Most of us live day to day – thinking about what’s for dinner or what’s on tele before we think about what we want to do with our lives, what we want to achieve. We might fantasise about our future for 10 minutes during lunch break but we soon get distracted by a text about so and so’s birthday drinks at the weekend or Mum ‘just calling for a chat’. After all, we’re essentially just trying to keep our head’s above water and pay the rent or, if we’re ‘lucky’, mortgage. How then, does anyone ever achieve anything, see the bigger picture, look forward to future accomplishments? The athletes we have seen recently at both the Olympics and Paralympic games are examples of people who have seen beyond the mundane day to day and set their sights on achieving a goal and dedicated their lives to it – these incredible people are not living just enough, they are living more than enough. Even though they have had to sacrifice many of the things (like nights out/nandos – delete as appropriate) which we (I) hold as so important to a happy life. Of course you have to be a particular type of person to commit yourself in this way, and have a certain type of talent, and drive, but surely what they end up achieving is all any of us really want to do – to make our mark on this world, to leave a legacy, to make some impact and achieve their goal… so why don’t we all just try a bit harder? Since many of us have the capacity and the opportunities now, why don’t we all live more than ‘just enough’?
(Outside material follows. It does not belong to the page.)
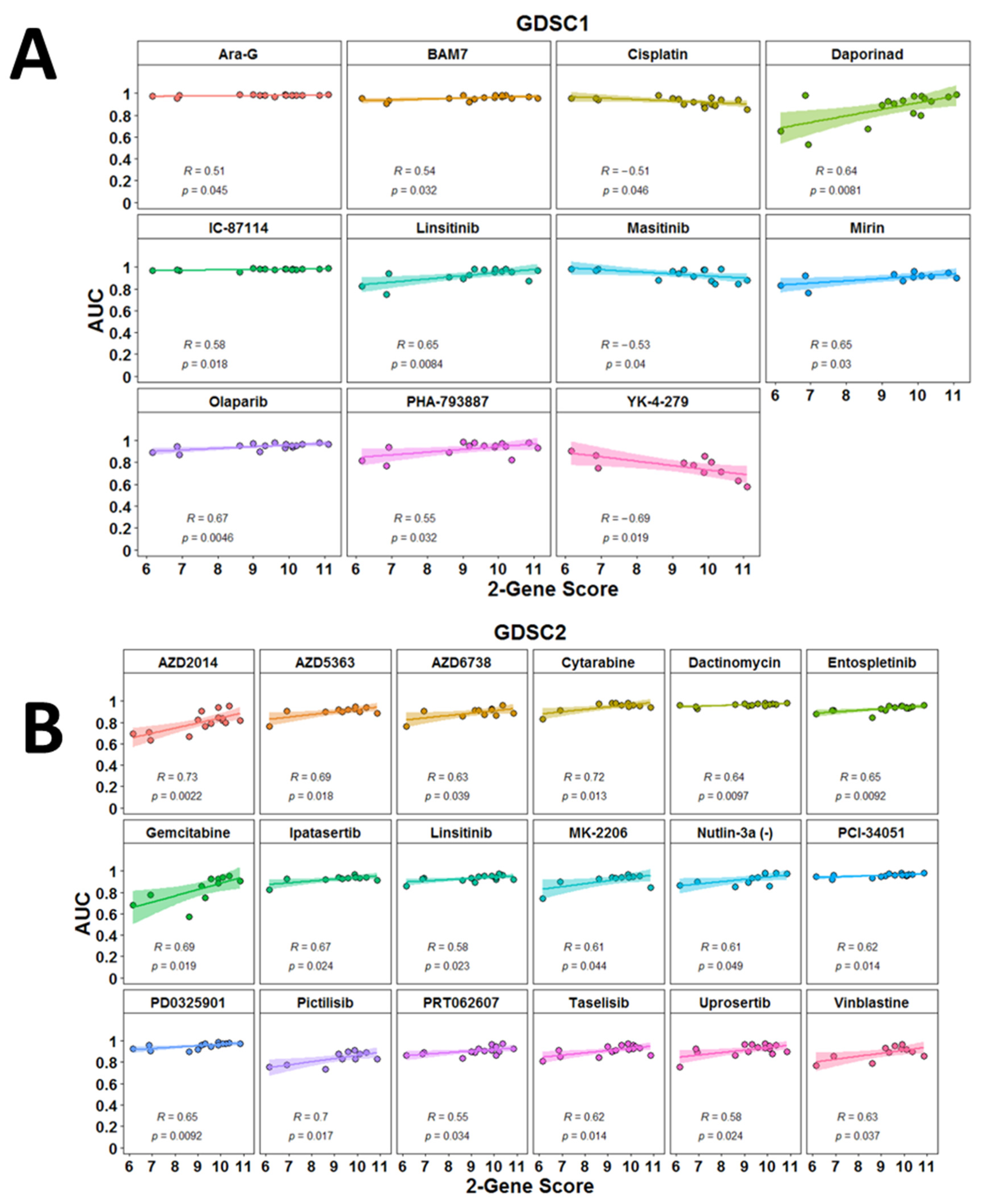 Diagnostics 13 01556 g007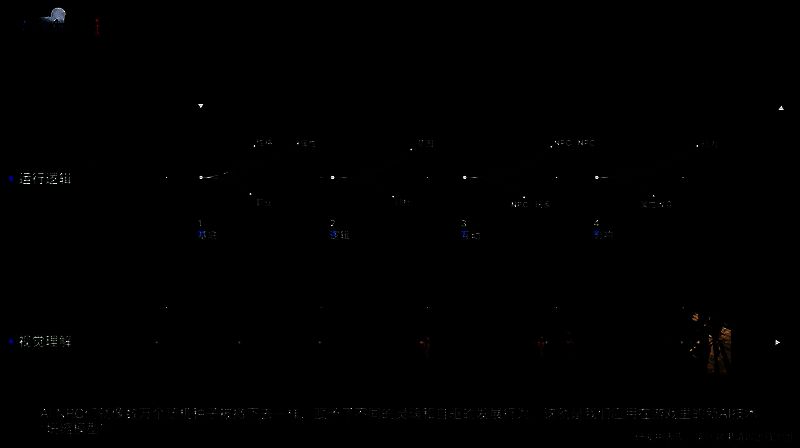 NPC角色在不同天气下做出符合逻辑的行为变化，例如在雨天前往茶楼听书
This frustration is compounded by the realisation that I remember about 40% of my life. Most of my working life has been forgotten – those moments of pure stress when the world is going to fall apart if you don’t get that callsheet out – gone. In addition, unless there were pictures taken, many nights out have been confined to my mental trash can, as have, I’m ashamed to say, many of the hook ups. I’ve always known that I don’t want to live a forgettable life, but I’m finally realising it is up to no-one but me to make it memorable.
I’m really not complaining as I already have an amazing life. Great family, friends, career, I couldn’t be any luckier but I don’t do anything ‘useful’. I don’t hear any legacy or sustainability department sitting round the conference table in my head, and it’s time I put them to work.
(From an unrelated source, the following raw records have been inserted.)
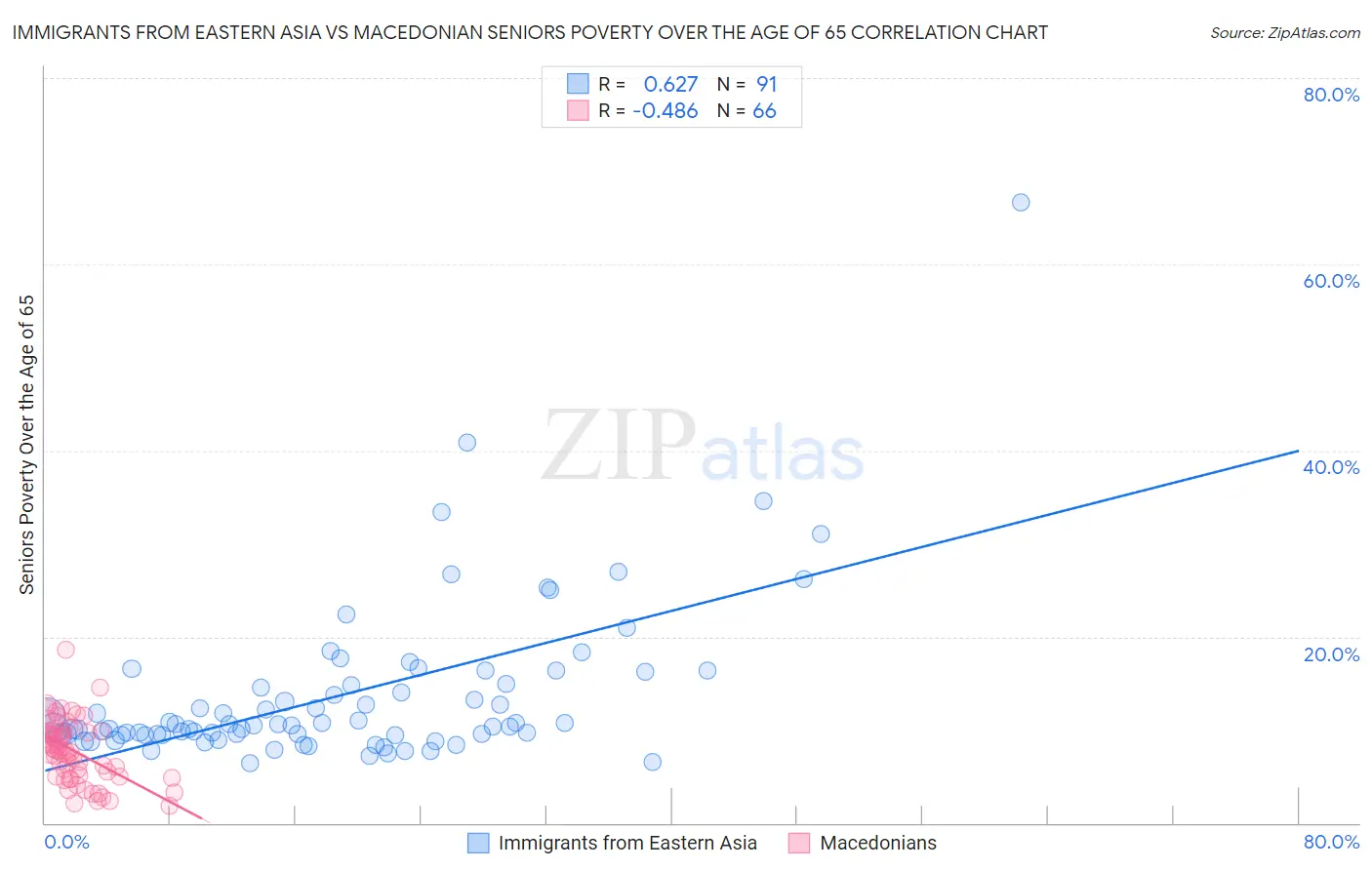 Immigrants from Eastern Asia vs Macedonian Seniors Poverty Over the Age of 65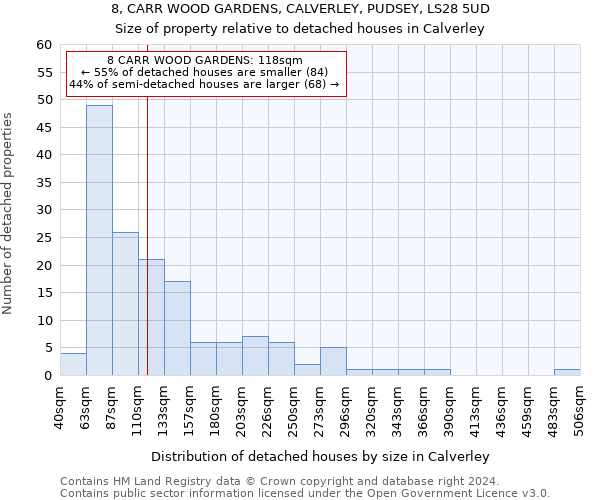 8, CARR WOOD GARDENS, CALVERLEY, PUDSEY, LS28 5UD: Size of property relative to detached houses in Calverley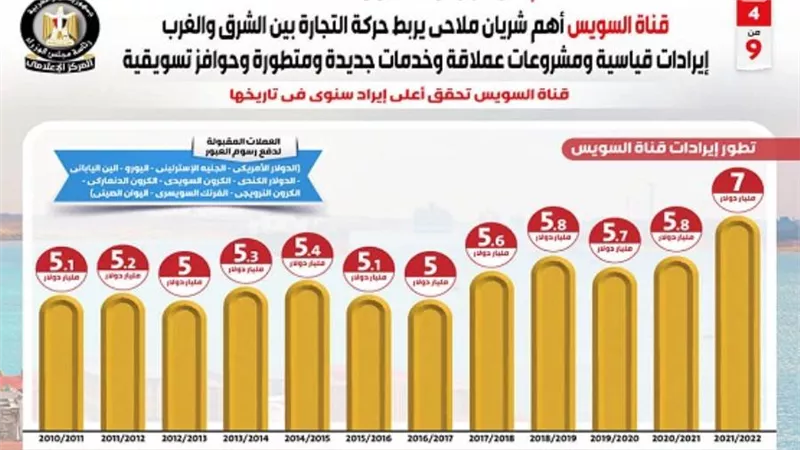 بالإنفوجراف.. قناة السويس أهم شريان ملاحي يربط حركة التجارة بين الشرق والغرب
The other night while watching ‘Who Do You Think You Are’ with my Mum, I learnt something new. All of my grandparents died before I was born but I’m told my Grandpa, Andrew, was a grocer and I remember being told once that he was an air raid warden during the war, on account of his bad eyesight. Anyway, during this programme my Mum mentioned that in actual fact, he was conscripted and went to Normandy. “Not on the first day mind you, on the second.” Now, I know the first day was when all the action happened, but still, it’s pretty impressive. It turns out my Grandpa worked his way up and achieved the highest civilian ranking. As Kevin Arnold once said, “Some men pursue greatness, while others have greatness thrust upon them”… or was it Shakespeare?
Anyway, if I want to have any impact (and truthfully, who doesn’t?) I better get to work – thankfully I don’t think I’m going to be conscripted any time soon so it’s up to no-one but me.
We can only improve the future and live better lives than our ancestors if we fully understand the past so I’m gonna start questioning my mother to see if any other relatives were involved in world-defining moments. Maybe it will provide the inspiration live more than ‘just enough’ and hopefully remember some of it too.